По окончании периода траура по погибшим во время теракта в школе номер один осетинского города Беслан власти опасаются акций мести. Межэтническая ненависть в традиционно неспокойной Осетии может в любой момент вылиться через край.
Виталий, сильный молодой парень в старой армейской шинели многозначительно проводит пальцем по горлу. 'Я лично перережу горло каждому ингушу', - громко говорит он и зло плюет на землю.

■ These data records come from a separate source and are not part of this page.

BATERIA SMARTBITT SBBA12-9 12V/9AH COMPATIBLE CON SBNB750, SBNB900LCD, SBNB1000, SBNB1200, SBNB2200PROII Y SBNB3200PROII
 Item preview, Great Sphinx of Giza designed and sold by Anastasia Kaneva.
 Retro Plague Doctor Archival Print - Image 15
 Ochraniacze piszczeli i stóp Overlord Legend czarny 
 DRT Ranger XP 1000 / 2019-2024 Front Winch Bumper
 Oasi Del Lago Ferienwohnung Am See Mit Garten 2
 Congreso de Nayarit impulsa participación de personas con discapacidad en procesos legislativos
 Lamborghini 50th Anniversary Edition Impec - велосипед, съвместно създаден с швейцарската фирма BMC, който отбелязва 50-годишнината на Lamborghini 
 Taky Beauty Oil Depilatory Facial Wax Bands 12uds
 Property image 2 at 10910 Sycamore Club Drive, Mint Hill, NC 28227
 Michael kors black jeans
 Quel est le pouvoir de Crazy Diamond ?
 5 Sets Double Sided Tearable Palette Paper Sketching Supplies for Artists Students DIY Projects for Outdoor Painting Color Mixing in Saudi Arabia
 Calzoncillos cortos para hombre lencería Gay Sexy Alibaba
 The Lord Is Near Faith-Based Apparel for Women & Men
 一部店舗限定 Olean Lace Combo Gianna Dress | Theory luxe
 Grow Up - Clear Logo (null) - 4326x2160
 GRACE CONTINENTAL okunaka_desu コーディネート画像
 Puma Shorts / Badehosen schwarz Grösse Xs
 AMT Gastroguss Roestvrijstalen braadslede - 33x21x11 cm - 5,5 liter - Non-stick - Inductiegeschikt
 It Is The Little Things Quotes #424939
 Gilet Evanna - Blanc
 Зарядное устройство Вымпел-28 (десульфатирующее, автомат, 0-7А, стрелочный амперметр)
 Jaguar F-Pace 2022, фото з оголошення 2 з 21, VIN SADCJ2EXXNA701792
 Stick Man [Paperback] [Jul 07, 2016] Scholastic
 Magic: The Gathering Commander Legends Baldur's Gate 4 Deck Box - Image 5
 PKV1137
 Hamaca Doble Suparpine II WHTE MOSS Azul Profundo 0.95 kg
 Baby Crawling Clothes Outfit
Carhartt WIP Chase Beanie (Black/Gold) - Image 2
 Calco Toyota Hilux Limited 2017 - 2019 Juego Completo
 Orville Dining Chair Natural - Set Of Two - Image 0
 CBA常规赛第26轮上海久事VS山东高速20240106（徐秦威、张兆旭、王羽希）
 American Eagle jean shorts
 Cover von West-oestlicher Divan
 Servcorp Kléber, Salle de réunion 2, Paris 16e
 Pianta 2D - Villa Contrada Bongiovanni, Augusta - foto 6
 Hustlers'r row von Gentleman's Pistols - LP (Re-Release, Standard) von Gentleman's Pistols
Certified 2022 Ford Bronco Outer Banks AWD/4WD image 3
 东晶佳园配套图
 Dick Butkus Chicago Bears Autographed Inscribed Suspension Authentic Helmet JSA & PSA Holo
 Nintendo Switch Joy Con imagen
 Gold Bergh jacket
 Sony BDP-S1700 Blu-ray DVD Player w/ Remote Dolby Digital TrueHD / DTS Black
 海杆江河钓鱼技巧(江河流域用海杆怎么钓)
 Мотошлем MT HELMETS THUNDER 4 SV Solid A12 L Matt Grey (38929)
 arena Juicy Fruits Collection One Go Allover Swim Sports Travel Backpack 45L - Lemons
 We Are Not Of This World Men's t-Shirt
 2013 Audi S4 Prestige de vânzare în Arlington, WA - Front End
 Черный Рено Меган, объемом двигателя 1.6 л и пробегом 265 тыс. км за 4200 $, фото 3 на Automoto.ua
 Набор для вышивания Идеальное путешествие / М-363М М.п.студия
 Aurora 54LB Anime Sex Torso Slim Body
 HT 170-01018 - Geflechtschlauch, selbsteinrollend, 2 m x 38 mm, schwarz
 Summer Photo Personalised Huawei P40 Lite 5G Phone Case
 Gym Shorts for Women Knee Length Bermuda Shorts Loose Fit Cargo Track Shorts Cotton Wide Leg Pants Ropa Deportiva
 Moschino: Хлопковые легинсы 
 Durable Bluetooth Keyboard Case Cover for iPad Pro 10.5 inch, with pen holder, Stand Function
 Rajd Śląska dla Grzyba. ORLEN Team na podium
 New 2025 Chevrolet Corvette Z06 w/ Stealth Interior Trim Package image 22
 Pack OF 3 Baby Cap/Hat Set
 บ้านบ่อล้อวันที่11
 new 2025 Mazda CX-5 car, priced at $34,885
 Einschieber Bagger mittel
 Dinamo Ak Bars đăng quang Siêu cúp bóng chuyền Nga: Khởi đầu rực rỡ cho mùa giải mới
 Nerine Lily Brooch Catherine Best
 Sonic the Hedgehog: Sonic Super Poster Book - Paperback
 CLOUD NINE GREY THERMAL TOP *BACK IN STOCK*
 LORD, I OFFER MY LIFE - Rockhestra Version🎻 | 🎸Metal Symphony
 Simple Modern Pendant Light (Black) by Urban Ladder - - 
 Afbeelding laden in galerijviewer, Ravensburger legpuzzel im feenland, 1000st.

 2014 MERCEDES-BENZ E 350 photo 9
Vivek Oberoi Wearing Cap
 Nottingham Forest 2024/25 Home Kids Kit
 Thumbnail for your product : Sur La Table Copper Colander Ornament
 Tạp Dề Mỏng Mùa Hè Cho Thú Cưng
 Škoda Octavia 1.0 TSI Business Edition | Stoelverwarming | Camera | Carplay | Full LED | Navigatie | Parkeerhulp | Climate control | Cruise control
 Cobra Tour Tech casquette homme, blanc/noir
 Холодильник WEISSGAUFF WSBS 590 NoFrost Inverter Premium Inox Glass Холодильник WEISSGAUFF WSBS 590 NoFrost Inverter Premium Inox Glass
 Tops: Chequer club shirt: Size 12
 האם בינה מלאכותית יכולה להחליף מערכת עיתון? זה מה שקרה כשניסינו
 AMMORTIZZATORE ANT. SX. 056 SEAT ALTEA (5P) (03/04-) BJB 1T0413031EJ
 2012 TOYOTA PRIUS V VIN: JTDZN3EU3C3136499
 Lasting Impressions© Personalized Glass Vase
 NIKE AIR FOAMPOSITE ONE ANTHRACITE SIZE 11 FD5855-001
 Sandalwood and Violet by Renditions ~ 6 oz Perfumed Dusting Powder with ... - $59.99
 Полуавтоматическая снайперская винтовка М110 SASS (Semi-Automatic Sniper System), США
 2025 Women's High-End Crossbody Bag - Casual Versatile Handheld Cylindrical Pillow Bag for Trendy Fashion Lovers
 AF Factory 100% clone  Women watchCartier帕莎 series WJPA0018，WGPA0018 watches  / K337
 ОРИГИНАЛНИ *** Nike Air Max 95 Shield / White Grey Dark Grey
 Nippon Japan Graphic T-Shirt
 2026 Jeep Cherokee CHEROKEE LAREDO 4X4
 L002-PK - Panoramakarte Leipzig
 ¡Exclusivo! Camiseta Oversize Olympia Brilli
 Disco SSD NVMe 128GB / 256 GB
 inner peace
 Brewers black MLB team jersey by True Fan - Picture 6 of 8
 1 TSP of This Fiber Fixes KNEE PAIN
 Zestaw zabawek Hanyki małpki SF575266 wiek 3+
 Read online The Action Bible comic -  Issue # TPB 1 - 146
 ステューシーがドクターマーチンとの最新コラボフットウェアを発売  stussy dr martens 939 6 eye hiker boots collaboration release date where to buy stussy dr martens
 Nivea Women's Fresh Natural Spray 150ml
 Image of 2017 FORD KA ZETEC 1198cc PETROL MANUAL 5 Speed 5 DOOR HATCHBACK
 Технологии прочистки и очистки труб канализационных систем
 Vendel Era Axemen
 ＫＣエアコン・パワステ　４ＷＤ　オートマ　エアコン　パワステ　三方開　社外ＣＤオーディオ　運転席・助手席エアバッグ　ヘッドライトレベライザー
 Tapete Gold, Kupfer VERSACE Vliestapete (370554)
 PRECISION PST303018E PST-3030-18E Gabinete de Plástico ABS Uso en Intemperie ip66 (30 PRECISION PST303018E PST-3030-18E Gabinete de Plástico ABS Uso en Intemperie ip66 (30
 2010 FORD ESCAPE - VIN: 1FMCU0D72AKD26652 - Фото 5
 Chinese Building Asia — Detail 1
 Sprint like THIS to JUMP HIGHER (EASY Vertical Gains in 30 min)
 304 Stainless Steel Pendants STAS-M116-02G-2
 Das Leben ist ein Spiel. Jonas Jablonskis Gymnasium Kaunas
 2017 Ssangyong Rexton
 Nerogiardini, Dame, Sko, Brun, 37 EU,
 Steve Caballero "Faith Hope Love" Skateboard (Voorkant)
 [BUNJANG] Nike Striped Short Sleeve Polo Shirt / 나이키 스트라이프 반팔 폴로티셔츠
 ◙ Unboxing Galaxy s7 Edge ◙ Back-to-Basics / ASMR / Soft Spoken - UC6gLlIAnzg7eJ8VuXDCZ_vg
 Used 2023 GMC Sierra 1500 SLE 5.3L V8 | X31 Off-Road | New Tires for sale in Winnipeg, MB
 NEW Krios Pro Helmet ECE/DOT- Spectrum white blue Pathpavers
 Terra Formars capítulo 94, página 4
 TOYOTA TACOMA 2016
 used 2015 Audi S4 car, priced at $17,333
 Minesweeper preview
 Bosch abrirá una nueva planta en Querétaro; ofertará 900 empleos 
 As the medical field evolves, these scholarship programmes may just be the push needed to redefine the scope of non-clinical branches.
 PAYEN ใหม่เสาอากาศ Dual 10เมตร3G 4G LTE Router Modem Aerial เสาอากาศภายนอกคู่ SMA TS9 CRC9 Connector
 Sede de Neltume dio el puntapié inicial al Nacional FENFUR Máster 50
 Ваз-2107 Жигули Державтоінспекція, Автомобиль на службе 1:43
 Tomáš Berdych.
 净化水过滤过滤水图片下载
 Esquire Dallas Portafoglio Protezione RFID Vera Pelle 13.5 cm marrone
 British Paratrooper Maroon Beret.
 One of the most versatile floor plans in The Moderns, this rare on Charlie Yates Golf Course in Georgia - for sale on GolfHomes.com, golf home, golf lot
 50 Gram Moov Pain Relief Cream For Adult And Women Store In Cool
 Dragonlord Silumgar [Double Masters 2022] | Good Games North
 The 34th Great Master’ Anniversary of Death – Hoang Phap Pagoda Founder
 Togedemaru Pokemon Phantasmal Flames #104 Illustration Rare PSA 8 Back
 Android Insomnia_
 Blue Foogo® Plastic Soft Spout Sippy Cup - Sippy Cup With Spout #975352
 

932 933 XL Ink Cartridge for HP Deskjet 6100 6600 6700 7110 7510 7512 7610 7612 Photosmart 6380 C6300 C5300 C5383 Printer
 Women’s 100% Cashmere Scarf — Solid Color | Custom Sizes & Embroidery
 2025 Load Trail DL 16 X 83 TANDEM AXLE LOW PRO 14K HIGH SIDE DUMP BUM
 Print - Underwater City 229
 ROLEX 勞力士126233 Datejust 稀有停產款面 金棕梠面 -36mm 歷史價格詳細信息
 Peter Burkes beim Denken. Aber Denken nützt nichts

Ярость в Беслане по поводу взятия заложников подобная кипящему гейзеру, который может выбросить пар в любой момент. Среди опознанных на сегодняшний день убитых террористов - двенадцать ингушей, девять чеченцев, двое русских и двое арабов. Надписи на стенах школы говорят о многом. В одной из классных комнат написано: 'Чеченцы и ингуши - зачем нам такие братья?'
'Мы с этим совершенно согласны,' - говорят Тимур и его друзья, прогуливающиеся около школы. 3 сентября они со своим оружием сражались с засевшими в школе террористами. 'Мы не можем обвинять целый народ, но здесь так повелось, - говорят они. - Мы уже сотни лет враги. В конце концов, у террористов там базы', - отмечает Тимур. Его друг Костя ворчит: 'Нам нужен кто-нибудь вроде Сталина'.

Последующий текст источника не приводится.